Two tales from the front lines…

First, as you can see from our lead story this week, I recently co-hosted another Compliance Week editorial roundtable—this time in Houston, with Deloitte, to explore how the Dodd-Frank Act is affecting the oil and gas industry.

As usual, we opened our conversation by going around the room and asking attendees what worries them most about Dodd-Frank. And as usual, the single greatest fear most people had was—wait for it—the new whistleblower bounty program coming from the Securities and Exchange Commission later this spring. Nothing new there, I thought to myself; compliance officers in every industry have been complaining to me about the Dodd-Frank Act's expanded whistleblower program for months.

But one roundtable participant identified why the whistleblower program is such a threat to the oil and gas industry specifically. The sector has a long history of bribing foreign officials, he said, and subsequent enforcement under the Foreign Corrupt Practices Act. Those FCPA enforcement actions lead to settlements with monetary fines that are gigantic. Therefore, oil and gas workers have an enormous temptation to run directly to the SEC with reports of foreign bribery, rather than alerting the corporate compliance officer. 

On its face that observation seems rather self-evident, but ponder the logic behind it. By creating a new avenue for employees to raise the alarm on corruption, the Dodd-Frank Act has increased your exposure to FCPA enforcement—not because more bribes are happening, but rather because regulators can more easily discover corruption at your company that you don't know about. In other words, your corruption risk is higher, without any actual increase in corruption itself.

Second short story: I recently was talking with a friend of mine, a promising young assistant counsel at a publicly traded company in Chicago. His company (like many others) has engaged in a restructuring frenzy over the last several years, essentially removing all middle management even while expanding to 1,500 people. The result? A tiny senior staff managing legions of rank-and-file employees.

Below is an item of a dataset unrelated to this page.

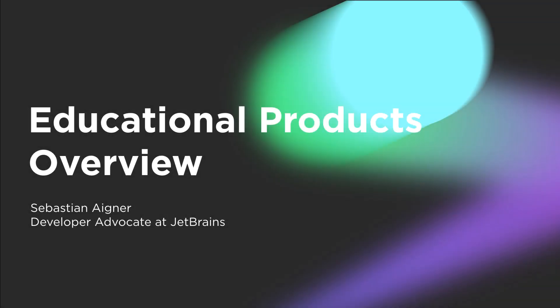Hello, my name is Sebastian Aigner. Thank you for your interest in JetBrains Educational Products. Our mission is to make the lives of those learning or teaching programming easier by providing valuable tools to both learners and educators.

One day a consultant visited the company. The general counsel gathered my friend and a few other employees to meet with the consultant, who started by asking the obvious question: What are the key risks facing your company right now? Our assistant general counsel gave the very reasonable response, “I worry that we might lose our key employees now that the economy is recovering. They have nowhere to advance here any more.”

Well the general counsel, who had helped implement the restructuring, didn't like that answer at all. She glared at my friend for a moment and then the conversation moved on to a system for managing vendor contracts and similar concerns.

Last week my friend the assistant counsel interviewed for a job in the legal department of another local company. He's likely to get it—and then the general counsel can dwell on a system for managing vendors all she wants, since nobody else in the legal department will know how to do it. In other words, a plan to shed employees the company didn't want actually increased its risk that it wouldn't be able to keep the employees it did want.

Unintended consequences, folks. They're out there.